We turn, finally, to the third issue presented, that is, whether the monthly fees paid by respondent's members fall within the "bona fide dues" deduction permitted by RCW 82.04.430(2), which provides:
In computing tax there may be deducted from the measure of tax the following items:
(2) Amounts derived from bona fide initiation fees, dues, contributions, donations, tuition fees, and endowment funds. This paragraph shall not be construed to exempt any person, association, or society from tax liability upon selling tangible personal property or upon providing facilities or services for which a special charge is made to members or others. Dues which are for, or graduated upon, the amount of service rendered by the recipient thereof are not permitted as a deduction hereunder; ....
 We cannot agree with respondent that the monthly "medical dues" or fees paid by its membership constitute "bona fide" dues within the contemplation of the foregoing statute. Respondent is organized to provide comprehensive, prepaid medical and hospital services to its membership, and however respondent may characterize these monthly payments they are, under the evidence adduced, devoted to the operational expenses of the organization and are subject to change from time to time. The conclusion is inescapable, and was tacitly if not directly recognized by one of respondent's witnesses, that if respondent's operation is to be actuarially sound, the monthly fees must of necessity be related to or graduated upon the cost of operation which, in turn, reflects upon the services available and furnished to its members. The fact that respondent may choose to call the monthly payments "dues," or the fact that by the very nature of its operation some members receive more services than others, does not change the underlying fact that the totality of its services to its membership over a given period of time is financially geared to the aggregate of the monthly fees received or anticipated for operational expenses over a given period of time. Furthermore, it appears from respondent's fee schedule, accompanying its membership agreement, that initial or introductory monthly fees vary between age, sex, and nature of coverage sought by or anticipated for a prospective member.

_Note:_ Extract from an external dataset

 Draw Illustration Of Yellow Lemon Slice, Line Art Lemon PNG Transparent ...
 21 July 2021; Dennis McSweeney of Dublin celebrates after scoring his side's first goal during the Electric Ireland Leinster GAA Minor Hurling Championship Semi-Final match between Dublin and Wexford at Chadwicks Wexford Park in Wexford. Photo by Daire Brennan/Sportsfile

These classifications, and the monthly fees attributed to each, are undoubtedly based upon distinctions between the nature and extent of services that may be required or expected by an average of the respective age, sex, or other groupings.
Under these circumstances, it is our view that the monthly fees involved in this case do not qualify as a permissible deduction under RCW 82.04.430(2) for the reason that they are "Dues which are for, or graduated upon, the amount of service rendered by the recipient thereof." (Italics ours.) Cf. Red Cedar Shingle Bureau v. State, 62 Wn.2d 341, 382 P.2d 503 (1963).
In summary and for the reasons above stated, we hold that (a) appellant is precluded from levying the challenged assessments for business and occupation tax against respondent based upon respondent's operations prior to the effective date of Laws of 1961, ch. 293, § 5; (b) appellant was and is warranted in levying the challenged assessments, insofar as they may be correct, when measured by respondent's "medical dues" income properly allocable to the services furnished by the "outlying clinics" only; and (c) the "medical dues" in question do not qualify as permissible deductions under RCW 82.04.430(2).
The judgment of the trial court is modified to conform herewith. Each party shall bear its own costs.
FINLEY, C.J., HUNTER, J., and BARNETT, J. Pro Tem., concur.
January 22, 1968. Petition for rehearing denied.